Él me dijo que lo estaba haciendo muy bien y siguió moviéndose, creo que me la metió todavía más hacia dentro. Entonces empezó a gritar y noté chorros calientes, hirviendo, llenarme. Fue la primera humedad que noté en todo el tiempo, su semen metiéndose bien adentro de mí. Estuvo corriéndose por lo menos cinco minutos, sin parar de taladrarme, y inundándome cada vez más. Entonces se paró y se quedó quieto, completamente tumbado encima de mi cuerpo.

Empecé a notar una sensación extrañísima, un calor líquido empezaba a llenarme el coño, donde el hombre todavía tenía su pollaza metida, bien adentro. Por un momento pensé que era mi sangre, esa sangre que tanto había esperado durante la tortura, pero aquello no paraba, y entonces el desconocido me dijo que no pusiera esa cara, que me estaba meando dentro para limpiarme bien limpito el coño. No me lo podía creer, estaba meándose dentro de mi coño.

Debía de llevar horas y horas sin mear, no paraba de soltar líquido, y yo me notaba cada vez más llena, notaba cómo me subía hacia el útero y también me lo llenaba. Entonces, paró, me escupió el los ojos un escupitajo lleno de mocos y bajó su mano hacia su polla y mi coño, que seguían encajados. Con un movimiento rapidísimo, sacó su polla y me metió toda la mano de golpe, no me pudieron salir más que unas pocas gotas de su meada.

Entonces, cogió una lata de cerveza vacía que había dejada por ahí, sucísima y oxidada, sacó su mano dándome todavía más dolor que cuando la había metido, y empezó a clavármela en el coño con mucha fuerza. Yo creía que nada me podía dar ya más dolor, pero notaba las paredes de mi coño estirarse como si estuviera pariendo, estaban al límite, y su líquido subía todavía más hacia dentro de mí.

Me la encajó del todo, no dejó ni medio centímetro fuera de mi coño. Me miró, soltó una risotada fortísima y me dijo "no te quejarás, lo he hecho para que estés calentita, que a estas horas hace mucho frío". Se subió el pantalón y se fue hacia dentro del bosque.

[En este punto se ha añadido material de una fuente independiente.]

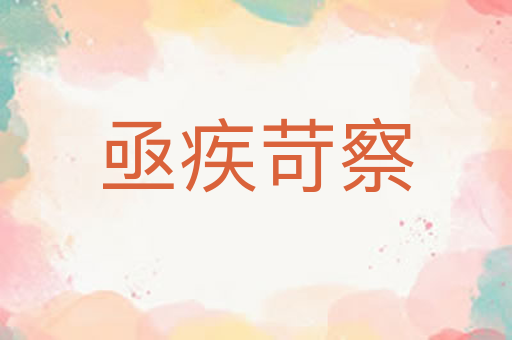 亟疾苛察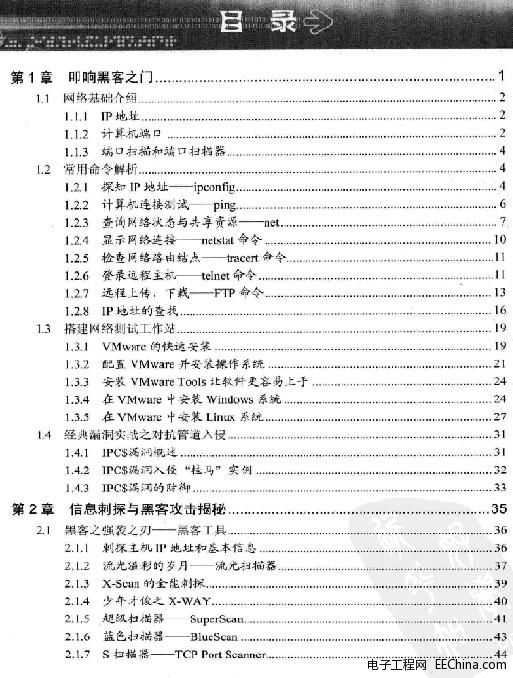 常用黑客攻防技术大全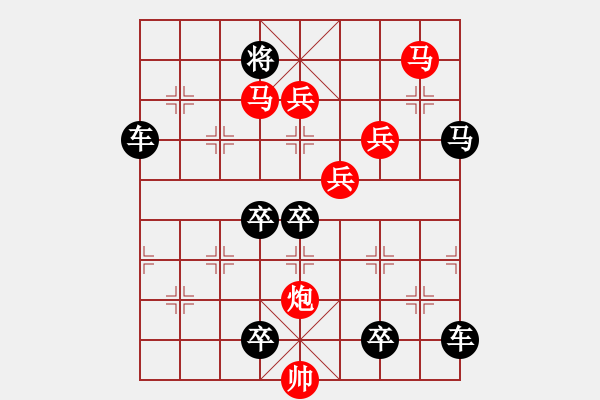 象棋棋譜圖片：CCXiQi.forumvi.com - 步數(shù)：90 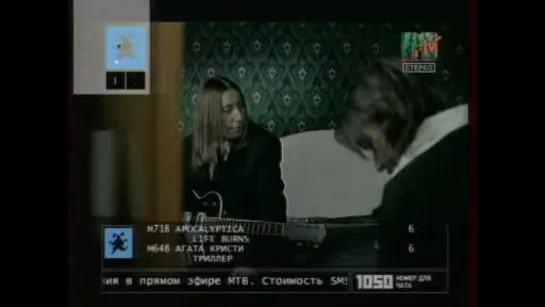 (staroetv.su) Би-2 и Диана Арбенина - Медленная звезда (MTV Россия, 2005)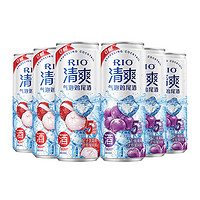 88VIP：RIO 锐澳 洋酒清爽0糖330ml*6罐预调鸡尾酒荔枝&葡萄2口味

Me quedé tirada en la tierra mucho rato, hasta que reaccioné y miré mi tripa. La tenía hinchadísima, y me notaba llena como si me estuviera meando muy fuerte. Intenté alcanzar la lata con la mano, pero estaba muy adentro.

Tuve que ponerme de pie y empecé a hacer fuerza, como un parto, apoyada en el tronco de un árbol. Poco a poco la lata fue asomando y luego, de golpe, saltó hacia el suelo, y detrás de ella empezó a salir un chorrito fino de todos los líquidos que había ahí dentro. Una especie de meada espumosa y ligeramente roja, por las heridas de mi coño. Estuve un cuarto de hora en cuclillas, sin parar de soltar líquido y haciendo fuerza.

No vale la pena contar todo lo que tuve que hacer para volver a casa, ni cómo se quedó mi coño, dilatado durante más o menos un mes y todavía endolorido. Fue la peor experiencia de mi vida, hasta hoy.